Ricardo Canese – Os brasiguaios que estão em um nível popular, que têm alguns poucos hectares de terra, estão integrados com a população paraguaia. Estes apoiam a democracia e o governo constitucional de Fernando Lugo. Com eles não há problema, mas sim com brasiguaios como o senhor Favero, amigos do ditador Alfredo Stroessner, que roubaram com ele, que possuem grandes quantidades de terra, que expulsam não só o camponês paraguaio, mas o pequeno agricultor brasiguaio. Não é uma questão entre brasiguaios e camponeses paraguaios. É uma questão entre os latifundiários, como o senhor Favero e como o senhor (Blas) Riquelme (em cujas terras houve morte de camponeses e policiais que foi o estopim do golpe de estado), que é muito paraguaio, e os camponeses pobres, que são tanto paraguaios como brasiguaios, que são os que estão sofrendo as consequências deste modelo excludente.
Canese é taxativo sobre perseguição de Lugo a brasiguaios: "Totalmente falso" | Foto: Itaipu.gov.py

Sul21 – Costuma-se dizer na imprensa brasileira que o Governo Lugo perseguia os brasiguaios. Como o senhor vê isto?

Ricardo Canese – Totalmente falso. O senhor Favero dizia que o perseguiam. Ele é um conhecido stronista e é ele um dos que levantava isto com outros latifundiários brasiguaios, não são muitos. Favero disse que é preciso que tratar o camponês como “mulher de malandro”, fazendo apologia à violência contra o camponês e contra a mulher. Nenhum juiz da República lhe condenou por esta apologia à violência que está publicada extensamente na imprensa há uns meses. Eles são impunes. Não só não havia perseguição, como conta com toda a proteção do Judiciário e da imprensa.

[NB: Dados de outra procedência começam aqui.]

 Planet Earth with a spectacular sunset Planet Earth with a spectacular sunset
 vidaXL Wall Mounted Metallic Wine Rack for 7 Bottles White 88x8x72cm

Fernando Lugo não expropriou um só hectare do senhor Favero ou de outro latifundiário. É de inteira falsidade que tenha havido a mais mínima perseguição aos brasiguaios, nem sequer aos proprietários de terra, porque não houve nenhuma expropriação ou confisco de terras.

Sul21 – Por que, então, os latifundiários se incomodavam com o Governo Lugo?

Ricardo Canese – Porque queriam seguir ostentando suas terras mal havidas, roubadas; queriam seguir sem pagar imposto, como eu assinalei. O Governo Lugo apresentou uma proposta para que os grandes produtores de soja paguem imposto. Aqui em nosso país, um industrial, um comerciante, uma empresa que presta serviços paga 100 mil vezes mais imposto que um produtor de soja. Então, este foi um dos focos principais. Também o movimento campesino exigiu durante muito tempo a recuperação de terras mal havidas e o Governo Lugo acionou várias vezes a Justiça para que estas terras voltem ao Estado. Os proprietários de terra se opuseram e obtiveram a cumplicidade do Poder Judiciário. Agora, os proprietários de terra tinham o profundo temor de que finalmente pudesse haver uma decisão diferente do Judiciário, ou uma maioria no Congresso que pudesse fazer com que estas terras voltem ao Estado e que a produção de soja tenha que pagar imposto. A nove meses das eleições, a popularidade de Fernando Lugo era alta. Havia uma grande possibilidade de que triunfássemos nas eleições. Então, estas foram as motivações, para justamente manipular, impedir eleições livres e limpas.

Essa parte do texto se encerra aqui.